Your Overnight Camp Survival Kit

Here are some extras to consider for first-time overnight campers.

Just the idea of going to camp might have your little one full of excitement and butterflies — and you a wee bit anxious about them being away. Don’t worry, it’s not just you. Those are common feelings, even for summer camp veteran families.

The countdown to camp is on, and you might feel the need to over pack or be tempted to leave packing until the very last minute. Don’t wait to pack, and consider this list before you stuff your suitcase. 

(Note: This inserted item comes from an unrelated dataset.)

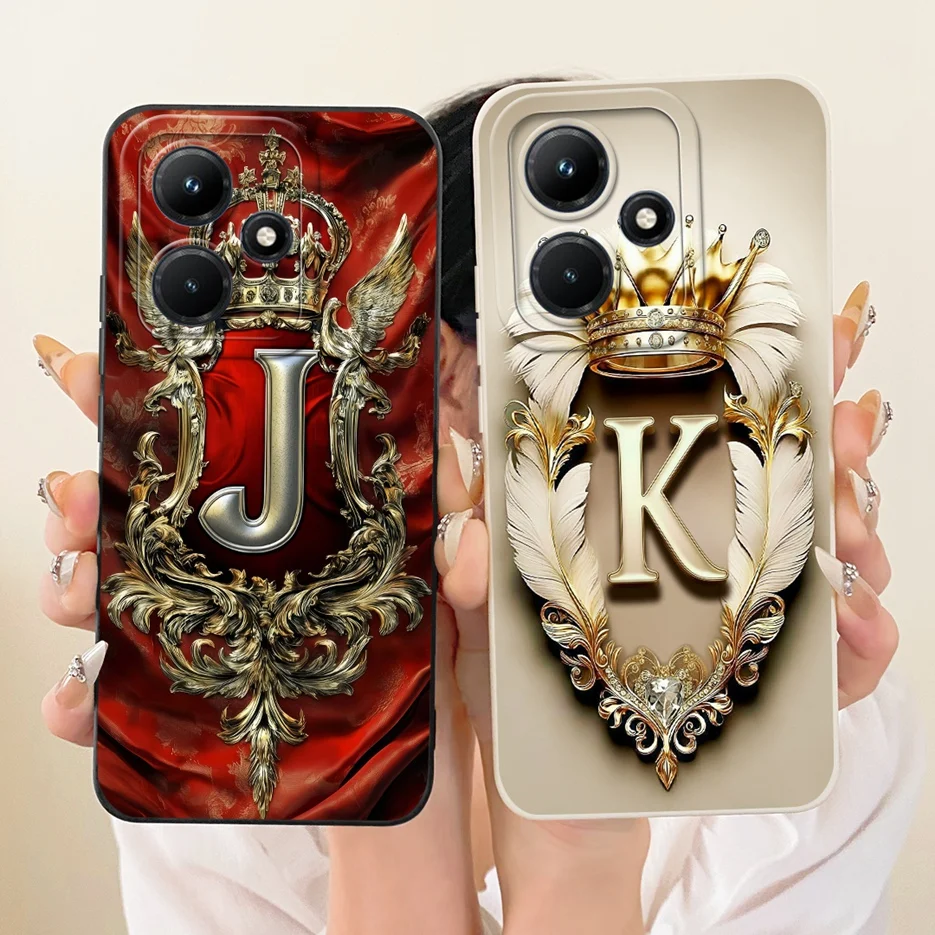 Para Infinix Hot 30 4G 5G funda X6831 X6832 Linda corona letras funda de silicona suave para Infinix Hot 30i Hot 30 Play NFC Fundas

Download or request the packing list suggested by the camp

We’ve known too many parents who couldn’t find the list or didn’t bother with it, only to find their kids really needed something on the list. That includes a light coat and sweater/heavy sweatshirt for chilly, rainy summer nights.

Label everything

We’re partial to Mabel’s Labels because the campers in our lives have never lost an item at camp thanks to the labels, which are even tough enough to endure several summers of camp from one package. The company offers a camp combo pack for both day camp ($19.95) and overnight camp ($39.95). What you don’t use this year can be used for other occasions (school, perhaps) or throughout their camp years. Find them at

Plan to send at least one surprise box

Mail full of goodies and your camper’s favorite things can help them overcome any homesickness, but can also help them make friends in their cabin or cohort. Send enough allergy-free treats to share (for older campers who have jumped on the vegan wagon, you might consider also adding vegan-friendly treats such as Oreos). You may even have to mail this package to camp before your camper leaves home, so it takes some preplanning on your part. Make sure to include a photo of their pet if they have one.

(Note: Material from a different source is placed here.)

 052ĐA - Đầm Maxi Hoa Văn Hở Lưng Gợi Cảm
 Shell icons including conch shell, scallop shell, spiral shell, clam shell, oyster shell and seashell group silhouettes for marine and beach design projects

Include some fun stationary

Swing by your local stationary or drug store and create a stationary set for your camper. Include paper and envelopes for writing letters home, maybe a cool notebook or a journal with writing prompts, and fun add-ons like stickers, glitter or colored pens. Not only will this keep them busy during quiet hours, but they can get the full camp experience by journaling or writing letters by flashlight in their bunk. 

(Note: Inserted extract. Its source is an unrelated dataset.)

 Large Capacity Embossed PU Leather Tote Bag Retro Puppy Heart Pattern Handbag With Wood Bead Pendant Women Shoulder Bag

Provide a solid, good-sized refillable water bottle or jug.

That’s a given, but also consider sending along a case of bottled water (especially if you are the one unpacking the car and moving into the cabin.) Sometimes kids don’t like the taste of the water at camp, so they won’t drink it and risk instead becoming dehydrated. The last thing either of you want is your kiddo missing out on all the fun because they’re feeling ill. 

Feminine products for your daughter.

If your daughter is at the age where her period might start, make sure to pack products that she knows how to use (just in case). This applies even if their period isn’t expected to happen during camp. Send them. Experience talking here.

A deck of playing cards

Kids who love tech will wonder what to do during quiet times built into the camp day. The kids with the playing cards who know a few card games will be the ones with ideas for filling that time. If your camper likes Sudoku or crossword puzzles, pick up a book for them at the Dollar Store (don’t forget a sharpened pencil or pen).

Film cameras are back in style

Just because they’re having a tech-free summer doesn’t mean your kid can’t take photos of all the new experiences and new friends they’ll want to remember forever. Pack a disposable camera so they can capture their favorite moments (make sure to choose a waterproof one if they’ll be spending any time near a lake or participating in water sports). When the summer camp blues set in once your kids are back home, they’ll love getting to develop their film and show you all of their camp memories.